Machine learning is a large, rapidly expanding field, and the book under review is the second edition — the first was only in 2001. This new edition has several chapters on topics not in the original: random forests, ensemble methods, undirected graphical models, and high dimensional problems (the so-called “wide” data). There are also many minor changes throughout the text to what was already a great book.

The book would be ideal for statistics graduate students who have had a course at the level of, say, Casella & Berger’s Statistical Inference.
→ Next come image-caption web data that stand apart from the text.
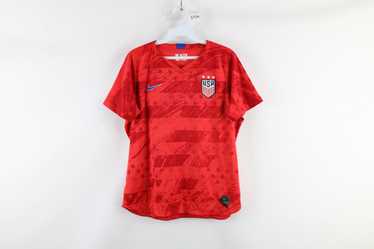 Womens Nike 2014 World Cup USA Soccer Jersey Size L Large 2019 Carli Card  for sale online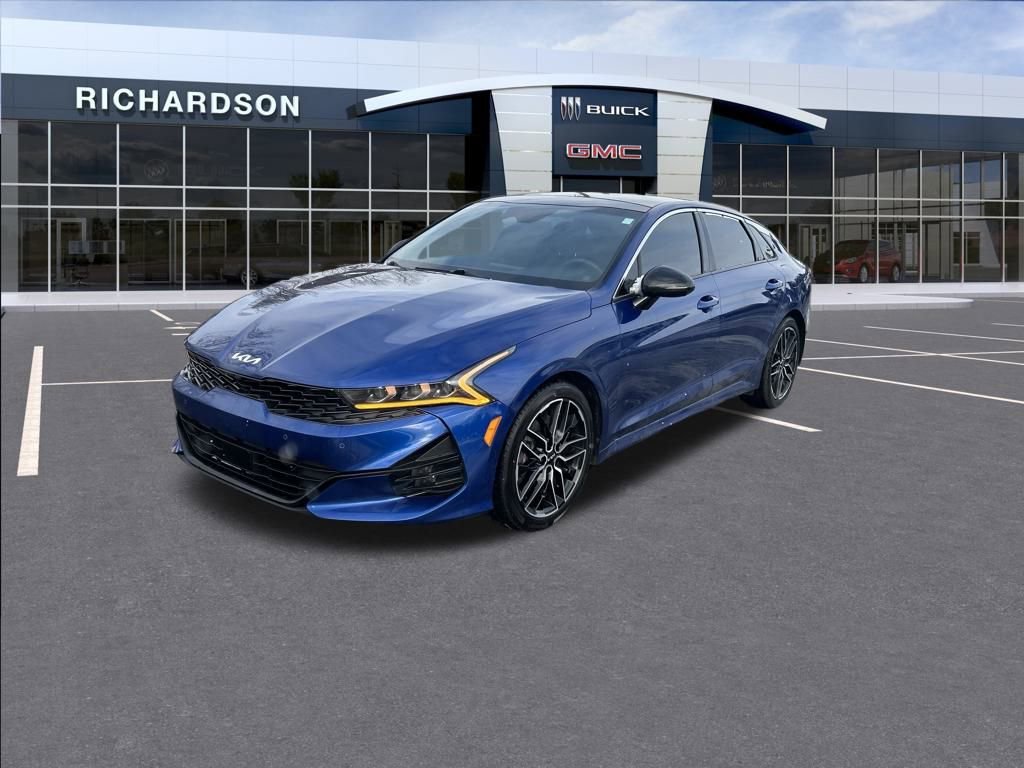 2023 Kia K5 GT's photo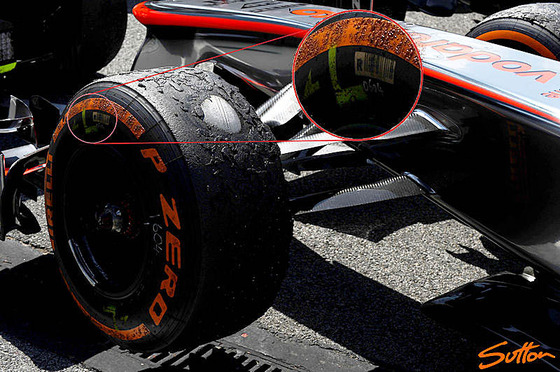 マクラーレンF1マシン、2013年F1スペインGP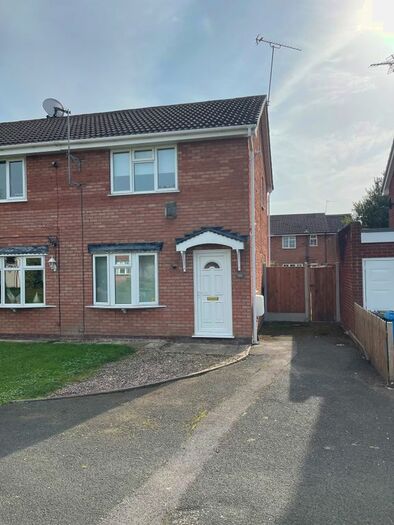 2 Bedroom Semi-Detached House To Rent In Penderell Close, Featherstone, Wolverhampton, WV10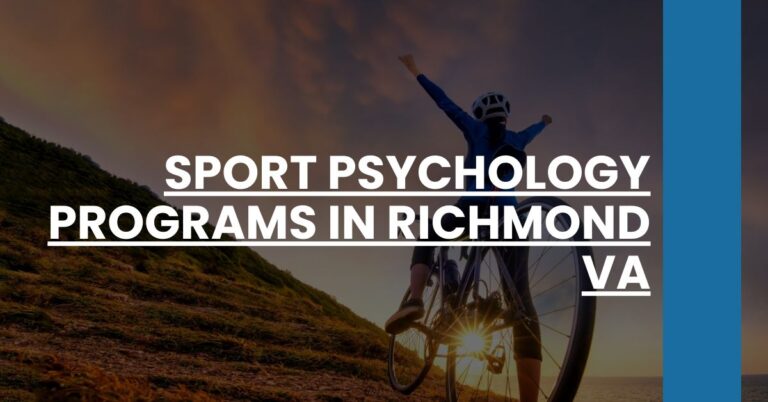 Sport Psychology Programs in Richmond VA Feature Image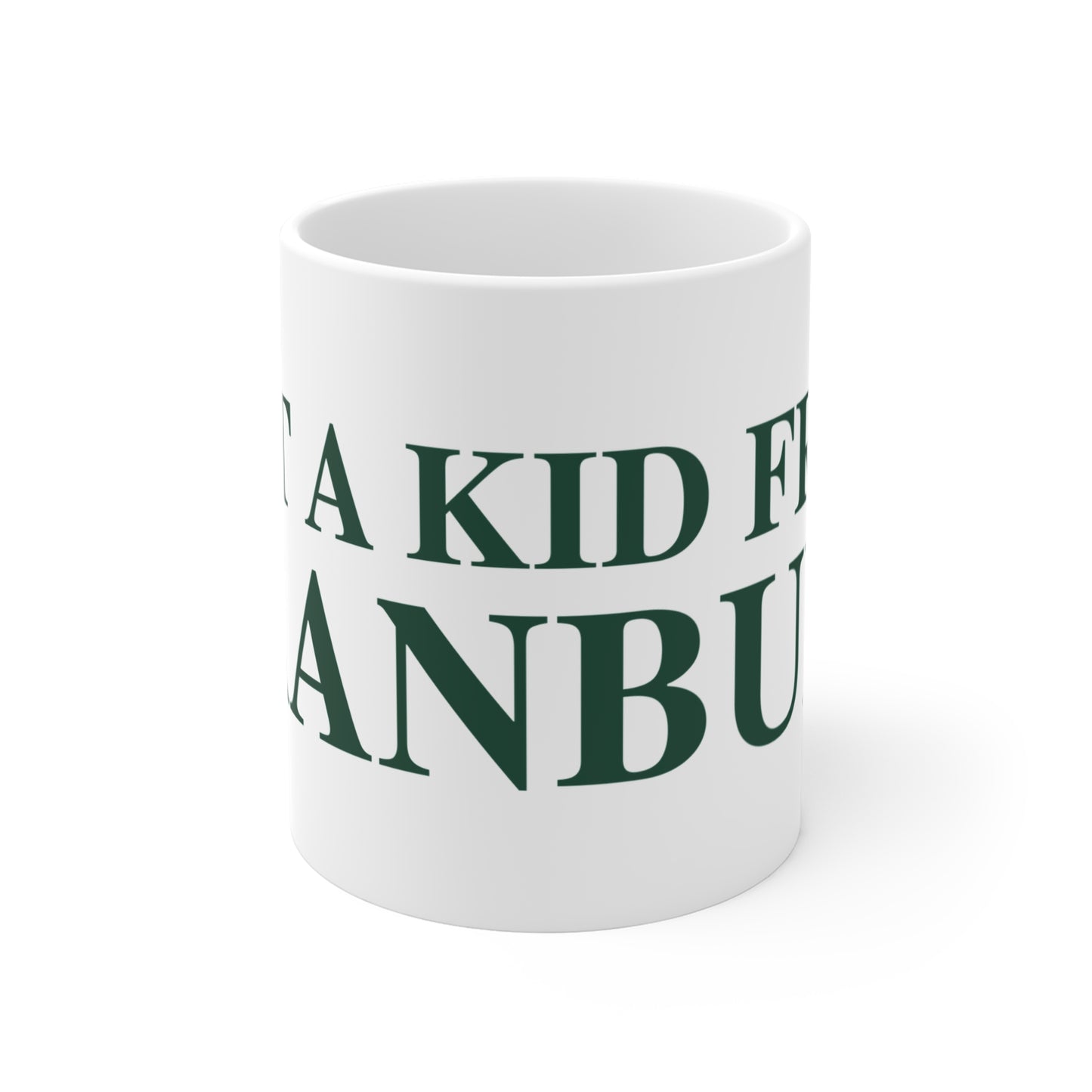 Just a kid from Cranbury Mug 11oz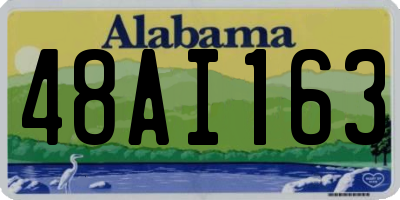 AL license plate 48AI163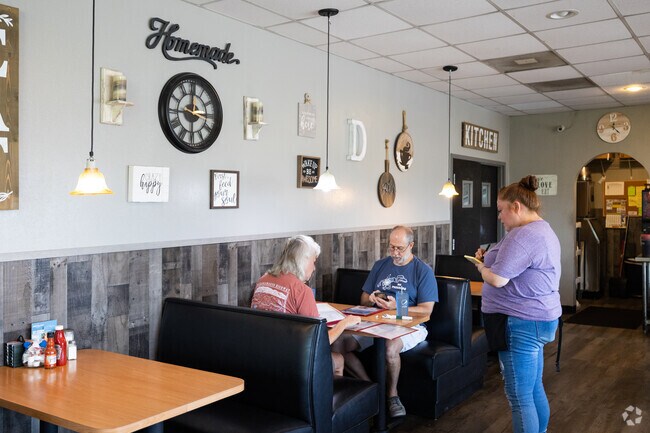 The River Diner is a great place to have brunch on the weekends in Point Place.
It would be hard to work through the complete book in one semester, but the instructor could pick and choose topics, and then the student will have the book as a reference. This book really is the standard in the field, referenced in most papers and books on the subject, and it is easy to see why.

The book is very well written, with informative graphics on almost every other page. It looks great and inviting. You can flip the book open to any page, read a sentence or two and be hooked for the next hour or so.

Each chapter ends with bibliographic notes and exercises, and most have a “computational considerations” section too.

The complete book is available, legally, from the authors’ web site. If you are at all interested in machine learning, I’d strongly suggest you download it and have a look. I suspect that you will soon thereafter purchase it to have in a more convenient format.

Peter Rabinovitch is a Systems Architect at Research in Motion. He just defended his PhD thesis on Mallows permutations, and therefore is very tired.